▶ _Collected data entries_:
--------------------------------------------------

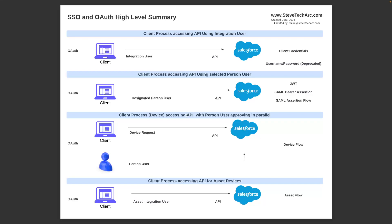This is a defined account meant to be used to grant access to a computer-based client. There is a client credentials flow, and there is also the deprecated username and password flow for OAuth. This is a single designated integration user for the client — typically something like a MuleSoft server, or any number of external processes reaching into Salesforce doing batch loads or batch exports, all operating with an integration user account.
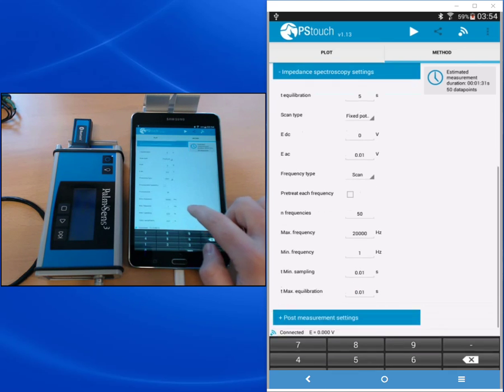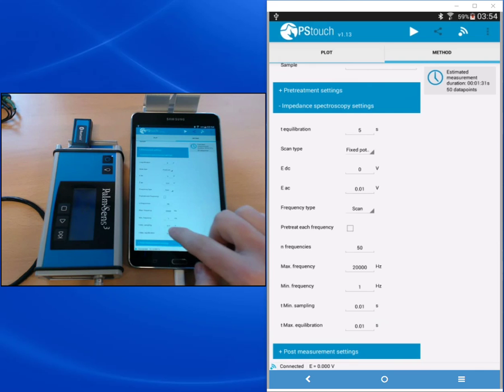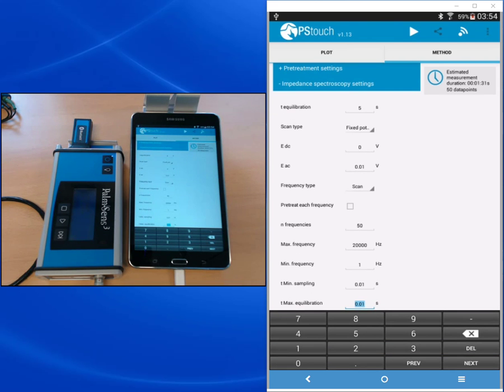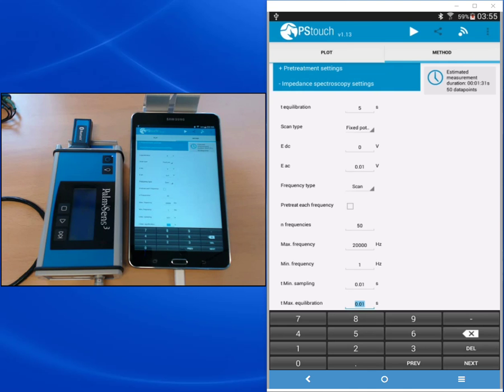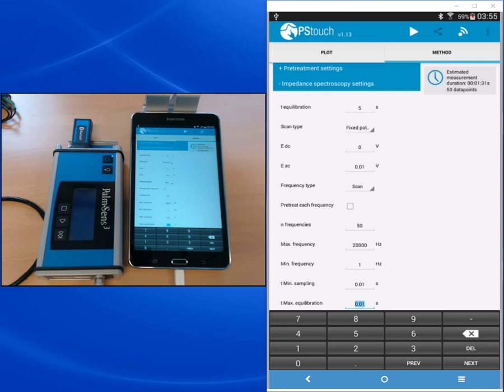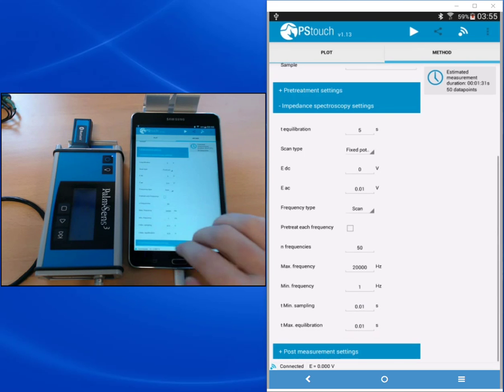The maximum equilibration time determines how long the system waits before it actually starts with the sampling. The two criteria for that are five sine waves or the maximum equilibration time, whichever is reached earlier. So at high frequencies five sine waves take very little time, so most likely this criteria will kick in. For lower frequencies it takes very long to make a single sine wave, so after the maximum equilibration time the system will just be sampling although there weren't five waves collected.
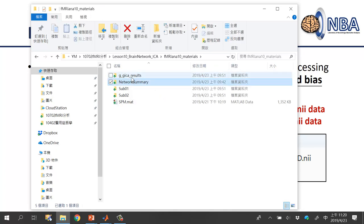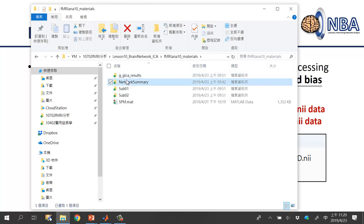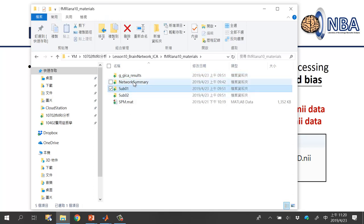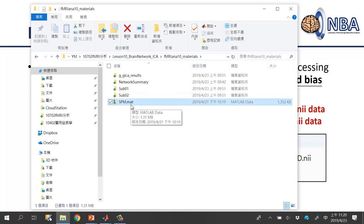The other two folders were produced by the GIFT toolbox — these are provided in case you cannot follow the tempo, but you should definitely try to produce the results yourself. The SPM.mat file is acquired using SPM's first-level model specification, and I will explain its purpose later.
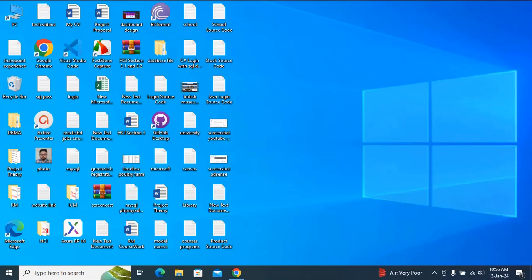Hello guys, welcome to my channel. In this video I am going to show you how to download and install NetBeans 20 with Java JDK on Windows 10. Before installing NetBeans, you need to download and install Java JDK.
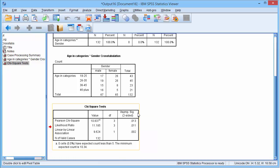When we write this up, we report the chi-squared value, the degrees of freedom, and the significance value.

--------------------------------------------------

▶ _Exercise aim_: Restate exactly, please, only the lines between the start of the data and the line containing "The other two", both ends included, skipping the pictures.

▶ _Response box_:
This is a defined account meant to be used to grant access to a computer-based client. There is a client credentials flow, and there is also the deprecated username and password flow for OAuth. This is a single designated integration user for the client — typically something like a MuleSoft server, or any number of external processes reaching into Salesforce doing batch loads or batch exports, all operating with an integration user account.
The maximum equilibration time determines how long the system waits before it actually starts with the sampling. The two criteria for that are five sine waves or the maximum equilibration time, whichever is reached earlier. So at high frequencies five sine waves take very little time, so most likely this criteria will kick in. For lower frequencies it takes very long to make a single sine wave, so after the maximum equilibration time the system will just be sampling although there weren't five waves collected.
The other two folders were produced by the GIFT toolbox — these are provided in case you cannot follow the tempo, but you should definitely try to produce the results yourself. The SPM.mat file is acquired using SPM's first-level model specification, and I will explain its purpose later.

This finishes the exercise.